**What is expected**
Copy out each line of the data that holds the string "Maison".

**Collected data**
* * * *

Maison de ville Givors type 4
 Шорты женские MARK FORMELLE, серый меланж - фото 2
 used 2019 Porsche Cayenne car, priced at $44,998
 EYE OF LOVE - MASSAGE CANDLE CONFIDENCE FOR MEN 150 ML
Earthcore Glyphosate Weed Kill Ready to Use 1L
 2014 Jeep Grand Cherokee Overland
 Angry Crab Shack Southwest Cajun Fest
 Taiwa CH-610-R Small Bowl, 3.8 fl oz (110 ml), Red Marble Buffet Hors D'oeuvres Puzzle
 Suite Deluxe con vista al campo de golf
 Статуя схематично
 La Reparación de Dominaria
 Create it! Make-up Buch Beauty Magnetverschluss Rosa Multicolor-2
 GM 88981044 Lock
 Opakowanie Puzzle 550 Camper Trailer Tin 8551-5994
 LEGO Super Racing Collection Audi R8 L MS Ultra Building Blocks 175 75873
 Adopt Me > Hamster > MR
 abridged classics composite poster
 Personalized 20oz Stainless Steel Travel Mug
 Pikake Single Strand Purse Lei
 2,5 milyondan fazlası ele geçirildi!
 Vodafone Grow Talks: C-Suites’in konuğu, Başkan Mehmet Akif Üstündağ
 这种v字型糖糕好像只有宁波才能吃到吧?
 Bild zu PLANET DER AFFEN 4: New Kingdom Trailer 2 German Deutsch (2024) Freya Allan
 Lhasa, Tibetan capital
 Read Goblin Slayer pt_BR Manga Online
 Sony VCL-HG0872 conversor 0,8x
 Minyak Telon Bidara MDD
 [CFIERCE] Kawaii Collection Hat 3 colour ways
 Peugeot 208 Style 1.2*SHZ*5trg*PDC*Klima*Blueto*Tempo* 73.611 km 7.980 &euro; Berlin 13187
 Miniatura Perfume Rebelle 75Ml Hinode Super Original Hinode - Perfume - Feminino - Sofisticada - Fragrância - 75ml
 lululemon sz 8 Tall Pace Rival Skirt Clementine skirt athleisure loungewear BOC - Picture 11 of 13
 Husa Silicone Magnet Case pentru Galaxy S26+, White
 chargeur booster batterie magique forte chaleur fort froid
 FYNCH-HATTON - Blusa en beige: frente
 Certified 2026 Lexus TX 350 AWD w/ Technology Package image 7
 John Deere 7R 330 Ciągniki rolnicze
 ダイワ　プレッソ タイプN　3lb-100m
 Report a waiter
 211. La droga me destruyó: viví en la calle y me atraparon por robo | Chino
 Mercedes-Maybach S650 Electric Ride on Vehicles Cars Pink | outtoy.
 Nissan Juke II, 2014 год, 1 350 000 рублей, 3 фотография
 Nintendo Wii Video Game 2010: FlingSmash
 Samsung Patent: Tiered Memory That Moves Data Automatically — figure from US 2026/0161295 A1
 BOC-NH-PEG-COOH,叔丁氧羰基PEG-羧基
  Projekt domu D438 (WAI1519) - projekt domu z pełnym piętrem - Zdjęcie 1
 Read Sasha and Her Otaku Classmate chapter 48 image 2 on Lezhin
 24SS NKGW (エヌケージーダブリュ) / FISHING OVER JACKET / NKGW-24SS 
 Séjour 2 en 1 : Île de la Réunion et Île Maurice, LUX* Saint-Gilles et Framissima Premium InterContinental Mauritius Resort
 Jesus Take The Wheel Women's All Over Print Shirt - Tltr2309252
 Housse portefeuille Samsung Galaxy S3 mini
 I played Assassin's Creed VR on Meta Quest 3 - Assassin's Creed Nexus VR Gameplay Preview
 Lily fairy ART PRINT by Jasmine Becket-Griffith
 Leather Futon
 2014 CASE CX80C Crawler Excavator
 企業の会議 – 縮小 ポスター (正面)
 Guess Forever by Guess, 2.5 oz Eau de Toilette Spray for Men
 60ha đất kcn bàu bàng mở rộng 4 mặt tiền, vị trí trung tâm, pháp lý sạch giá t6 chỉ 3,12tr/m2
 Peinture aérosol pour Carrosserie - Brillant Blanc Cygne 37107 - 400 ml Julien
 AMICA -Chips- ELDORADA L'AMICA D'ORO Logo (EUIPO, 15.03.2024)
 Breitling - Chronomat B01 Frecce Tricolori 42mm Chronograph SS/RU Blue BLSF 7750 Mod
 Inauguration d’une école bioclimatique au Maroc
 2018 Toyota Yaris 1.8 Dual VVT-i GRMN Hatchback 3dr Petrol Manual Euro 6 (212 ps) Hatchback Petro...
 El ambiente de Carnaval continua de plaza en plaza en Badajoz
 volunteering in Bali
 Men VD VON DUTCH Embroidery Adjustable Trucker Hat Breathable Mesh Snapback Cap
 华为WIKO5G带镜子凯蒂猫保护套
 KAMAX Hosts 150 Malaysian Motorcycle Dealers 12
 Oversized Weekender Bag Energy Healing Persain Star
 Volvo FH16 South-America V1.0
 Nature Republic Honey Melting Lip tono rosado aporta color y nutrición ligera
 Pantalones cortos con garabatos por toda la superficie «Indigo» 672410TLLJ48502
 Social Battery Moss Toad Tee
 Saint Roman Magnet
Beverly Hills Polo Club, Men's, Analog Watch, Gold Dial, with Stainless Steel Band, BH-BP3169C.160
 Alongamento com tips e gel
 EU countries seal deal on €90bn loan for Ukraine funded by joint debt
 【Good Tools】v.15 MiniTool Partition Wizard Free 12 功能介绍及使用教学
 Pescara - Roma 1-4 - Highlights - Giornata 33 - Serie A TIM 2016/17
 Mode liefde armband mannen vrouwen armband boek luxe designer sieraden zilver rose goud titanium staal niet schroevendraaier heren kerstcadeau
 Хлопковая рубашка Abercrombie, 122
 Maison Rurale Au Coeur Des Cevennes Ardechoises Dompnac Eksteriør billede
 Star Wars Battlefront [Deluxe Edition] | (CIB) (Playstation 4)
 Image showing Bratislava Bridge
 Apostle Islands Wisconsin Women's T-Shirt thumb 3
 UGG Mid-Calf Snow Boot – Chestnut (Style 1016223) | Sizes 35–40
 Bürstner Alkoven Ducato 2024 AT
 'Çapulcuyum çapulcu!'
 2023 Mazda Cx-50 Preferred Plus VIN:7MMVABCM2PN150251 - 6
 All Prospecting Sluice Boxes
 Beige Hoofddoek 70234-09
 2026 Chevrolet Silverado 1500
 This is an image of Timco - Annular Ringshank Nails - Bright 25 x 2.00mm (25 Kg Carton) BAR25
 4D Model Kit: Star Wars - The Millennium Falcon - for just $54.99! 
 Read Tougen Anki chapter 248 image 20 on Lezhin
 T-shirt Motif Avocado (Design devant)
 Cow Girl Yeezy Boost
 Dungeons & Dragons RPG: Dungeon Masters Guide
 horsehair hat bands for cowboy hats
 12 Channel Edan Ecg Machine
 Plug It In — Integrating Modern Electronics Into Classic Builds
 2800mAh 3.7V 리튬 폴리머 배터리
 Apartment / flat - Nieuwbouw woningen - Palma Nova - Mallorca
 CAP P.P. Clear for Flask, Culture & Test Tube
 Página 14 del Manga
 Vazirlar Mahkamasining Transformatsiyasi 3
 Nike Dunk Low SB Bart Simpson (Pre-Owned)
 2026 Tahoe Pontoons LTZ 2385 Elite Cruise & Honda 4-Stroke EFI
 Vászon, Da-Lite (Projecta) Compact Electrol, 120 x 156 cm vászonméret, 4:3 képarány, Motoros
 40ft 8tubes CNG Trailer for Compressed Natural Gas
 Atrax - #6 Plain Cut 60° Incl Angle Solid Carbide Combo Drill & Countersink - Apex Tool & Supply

* * * *

**Written solution**
Maison de ville Givors type 4
 Maison Rurale Au Coeur Des Cevennes Ardechoises Dompnac Eksteriør billede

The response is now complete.